0
votes

I am trying to import a csv file into Neo4j DB, here is the link for the CSV file http://apps.dealopia.com/offshoreleaks/offshore_leaks_csvs-20170104/Intermediaries.csv

The query that I am using to import the CSV data into DB is

USING PERIODIC COMMIT 10000
LOAD CSV FROM "http://apps.dealopia.com/offshoreleaks/offshore_leaks_csvs-20170104/Intermediaries.csv" AS line
MERGE (i:Intermediateries{name:line[1],internal_id:line[2],address:line[3],valid_until:line[4],country_codes:line[5],countries:line[6],status:line[7],node_id:line[8],sourceID:line[9]})

The Query produces the following error:- Cannot merge node using null property value for sourceID

I found some useful resources but given the size of ICIJ Panama Papers Size it will take hours to execute, is there any way to eliminate checking for NULL values and optimize the query?

2

2 Answers

2
votes

You are using the indexing wrong.
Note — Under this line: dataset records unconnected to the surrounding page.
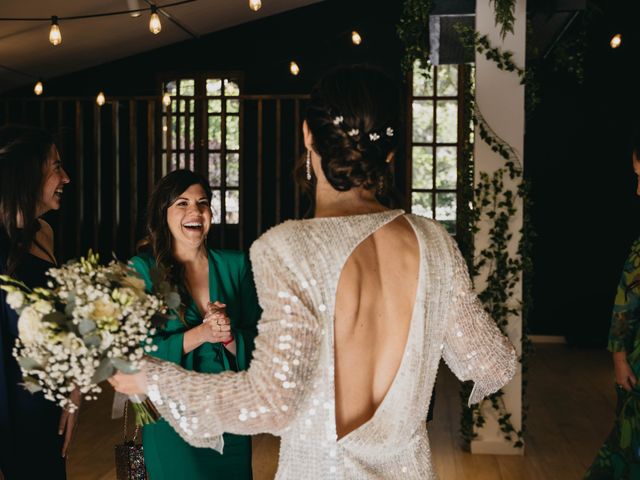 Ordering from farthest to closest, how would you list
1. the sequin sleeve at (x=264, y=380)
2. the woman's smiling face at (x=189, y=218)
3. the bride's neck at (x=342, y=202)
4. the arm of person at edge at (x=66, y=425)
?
the woman's smiling face at (x=189, y=218) → the arm of person at edge at (x=66, y=425) → the bride's neck at (x=342, y=202) → the sequin sleeve at (x=264, y=380)

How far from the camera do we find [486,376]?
1715 millimetres

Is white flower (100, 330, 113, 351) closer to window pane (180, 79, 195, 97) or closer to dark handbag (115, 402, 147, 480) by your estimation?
dark handbag (115, 402, 147, 480)

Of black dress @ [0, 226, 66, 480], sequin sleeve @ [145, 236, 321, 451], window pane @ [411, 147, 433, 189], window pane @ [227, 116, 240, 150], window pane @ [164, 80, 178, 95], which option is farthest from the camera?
window pane @ [164, 80, 178, 95]

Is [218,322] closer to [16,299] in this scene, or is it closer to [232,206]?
[16,299]

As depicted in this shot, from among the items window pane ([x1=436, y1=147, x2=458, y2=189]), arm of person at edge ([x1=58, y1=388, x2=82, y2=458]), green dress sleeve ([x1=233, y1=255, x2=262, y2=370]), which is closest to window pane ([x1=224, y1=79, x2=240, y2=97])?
window pane ([x1=436, y1=147, x2=458, y2=189])

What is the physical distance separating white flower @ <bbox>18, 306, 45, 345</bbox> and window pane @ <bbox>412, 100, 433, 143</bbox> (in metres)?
8.83

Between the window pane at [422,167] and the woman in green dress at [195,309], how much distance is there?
284 inches

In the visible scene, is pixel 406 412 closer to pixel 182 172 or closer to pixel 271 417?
pixel 271 417

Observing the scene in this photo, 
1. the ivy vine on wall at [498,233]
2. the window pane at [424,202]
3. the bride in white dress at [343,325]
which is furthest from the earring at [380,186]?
the window pane at [424,202]

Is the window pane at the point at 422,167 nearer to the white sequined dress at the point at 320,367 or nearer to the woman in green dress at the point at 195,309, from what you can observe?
the woman in green dress at the point at 195,309

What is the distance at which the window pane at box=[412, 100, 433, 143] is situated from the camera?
1023 cm

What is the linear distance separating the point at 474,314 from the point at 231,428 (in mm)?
556

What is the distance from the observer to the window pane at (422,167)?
10.3m

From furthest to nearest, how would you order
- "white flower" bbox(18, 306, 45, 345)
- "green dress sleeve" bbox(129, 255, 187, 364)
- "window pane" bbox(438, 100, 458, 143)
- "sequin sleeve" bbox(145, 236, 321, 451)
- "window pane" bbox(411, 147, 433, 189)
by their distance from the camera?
1. "window pane" bbox(411, 147, 433, 189)
2. "window pane" bbox(438, 100, 458, 143)
3. "green dress sleeve" bbox(129, 255, 187, 364)
4. "white flower" bbox(18, 306, 45, 345)
5. "sequin sleeve" bbox(145, 236, 321, 451) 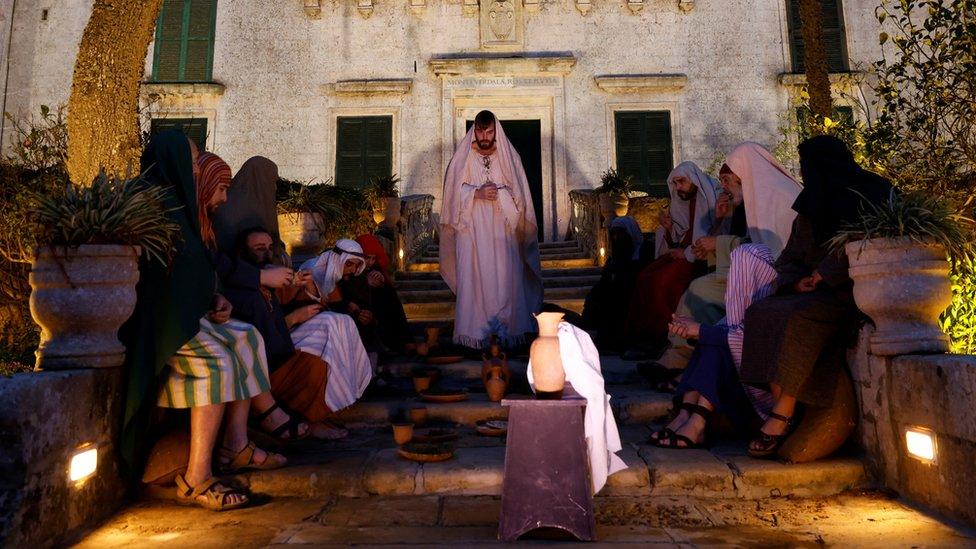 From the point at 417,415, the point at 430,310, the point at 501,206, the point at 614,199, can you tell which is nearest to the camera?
the point at 417,415

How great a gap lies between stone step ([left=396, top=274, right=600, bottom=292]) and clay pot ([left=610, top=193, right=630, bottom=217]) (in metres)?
1.33

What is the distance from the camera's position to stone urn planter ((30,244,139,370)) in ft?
8.86

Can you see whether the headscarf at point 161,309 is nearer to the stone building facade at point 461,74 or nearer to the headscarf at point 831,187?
the headscarf at point 831,187

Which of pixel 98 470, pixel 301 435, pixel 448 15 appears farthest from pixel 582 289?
pixel 448 15

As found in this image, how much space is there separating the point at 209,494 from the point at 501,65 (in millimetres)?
10807

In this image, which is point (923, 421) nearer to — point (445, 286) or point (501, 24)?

Index starts from 0, not 1. Also there is a header line in the given csv. So edit the Cypher query accordingly.

Change it to the following:

USING PERIODIC COMMIT 10000 
LOAD CSV WITH HEADERS FROM "http://apps.dealopia.com/offshoreleaks/offshore_leaks_csvs-20170104/Intermediaries.csv" AS line 
MERGE 
(i:Intermediateries{name:line[0],internal_id:line[1],address:line[2],valid_until:line[3],country_codes:line[4],countries:line[5],status:line[6],node_id:line[7],sourceID:line[8]})

See the official documentation for more details - http://neo4j.com/docs/developer-manual/current/cypher/clauses/load-csv/#load-csv-import-data-from-a-csv-file

1
votes

yes you can easily filter out rows with sourceID null

USING PERIODIC COMMIT 10000 LOAD CSV FROM  "http://apps.dealopia.com/offshoreleaks/offshore_leaks_csvs-20170104/Intermediaries.csv" AS line 
WITH line where line[9] is not null
MERGE (i:Intermediateries{name:line[1],internal_id:line[2],address:line[3],
valid_until:line[4],country_codes:line[5],countries:line[6],status:line[7],node_id:line[8],sourceID:line[9]})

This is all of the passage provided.